脳神経科


じつは数日前から軽い頭痛が続いていて、痛み自体は大したことないのだけれども、それでもやはり気にはなり、時間帯や姿勢や動作よっても感じる痛みが異なり、なんだかふわっとした痛みの帽子をかぶっているような、それで昨日の午後など一瞬軽くめまいを感じたりもして、一応念のために病院行っておくかと思って診療開始時間が早めな病院をネットで探して、今朝の出勤前にその脳神経科の病院へ行った。
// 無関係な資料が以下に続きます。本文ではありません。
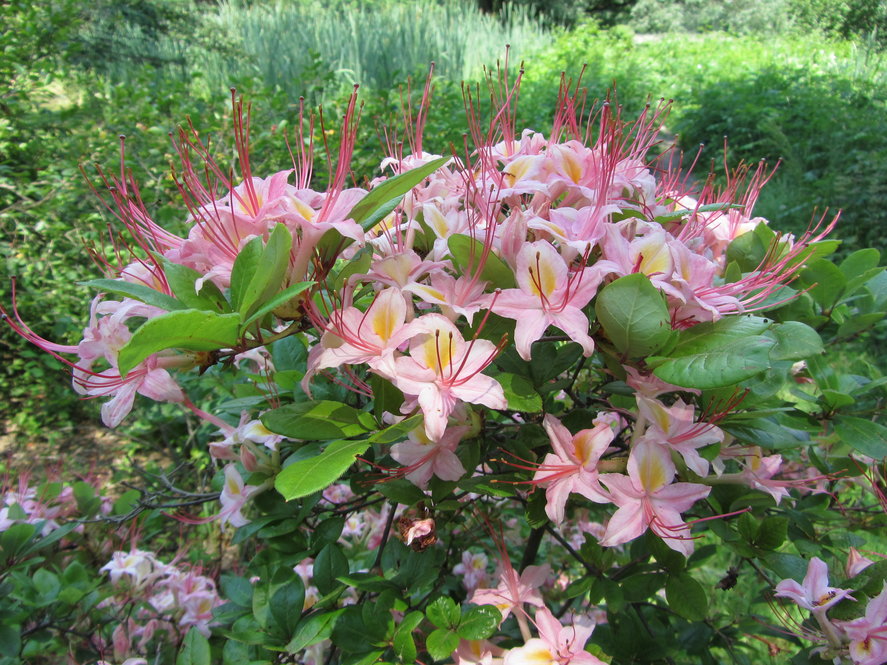 Form of swamp azalea (R. viscosum f. rhodanthum 638-62*A)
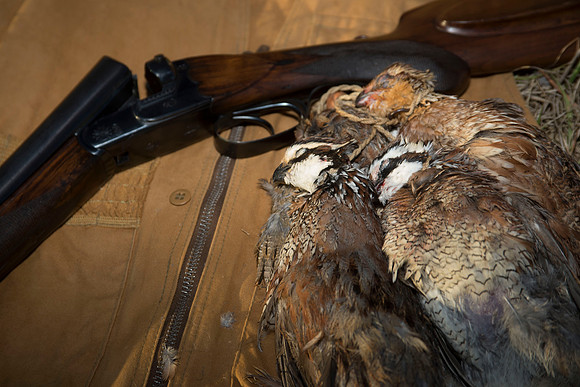 covey rise bird hunt 268
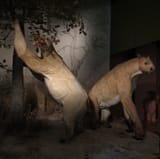 chalicotheres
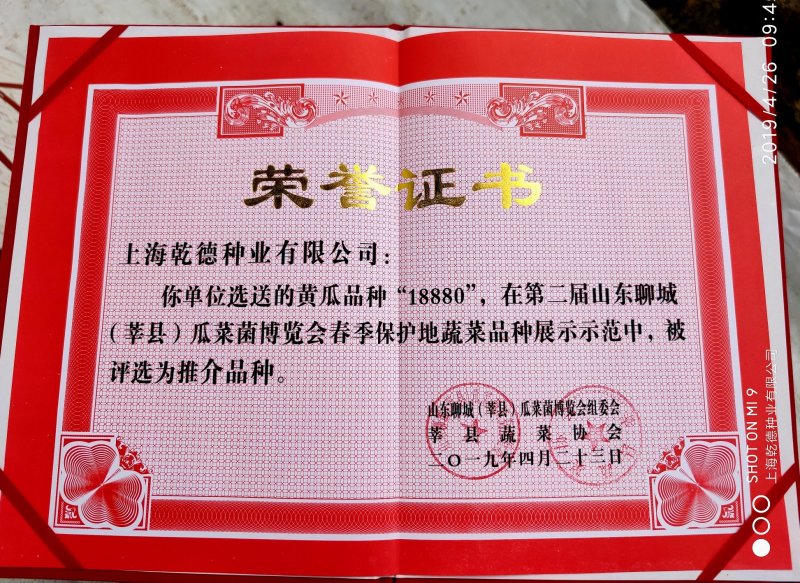 乾德880无刺水果黄瓜种子无限生长型连续结瓜能力强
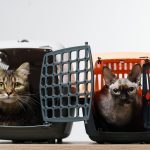 Transporter son chat en voiture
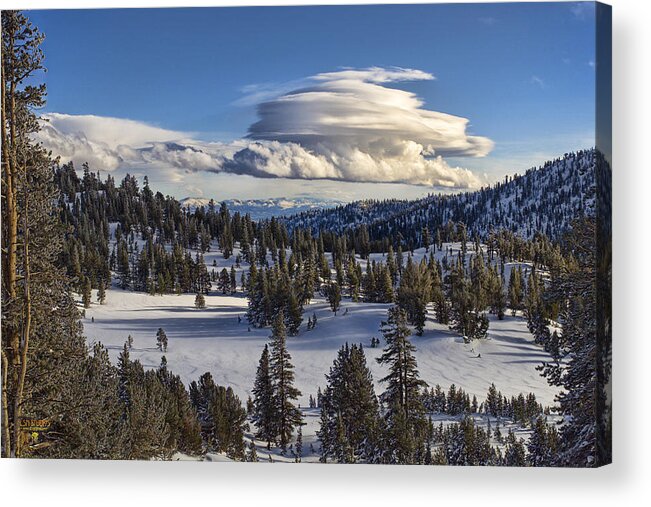 Mt. Acrylic Print featuring the photograph Mt. Rose Meadow near Lake Tahoe, Nevada by Steve Ellison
ウェブの情報から予想できたとおり、というよりウェブに情報がほとんど無かったことから予想できたとおり、ちょっと古めかしい雰囲気の昔ながらの病院で、殺風景な階段を上って受付と書かれた愛想のないドアを開けると一応それらしい小さな待合室になっていて、白衣の女性が座っている窓口に、あのーすいません、初診でお願いしますと言って、ご紹介とかじゃなくて、初診ですね、では保険証下さいと言われて、差し出された問診表を書く。あてはまるものとして「頭」に○をして、「痛み」「ぼんやりする」「めまい」に○をして、この病院をどこで知りましたか?の箇所では「インターネット」に○をした。問診表を渡すと、すぐに診察はじまると思いますから少しお待ち下さいねと言われた。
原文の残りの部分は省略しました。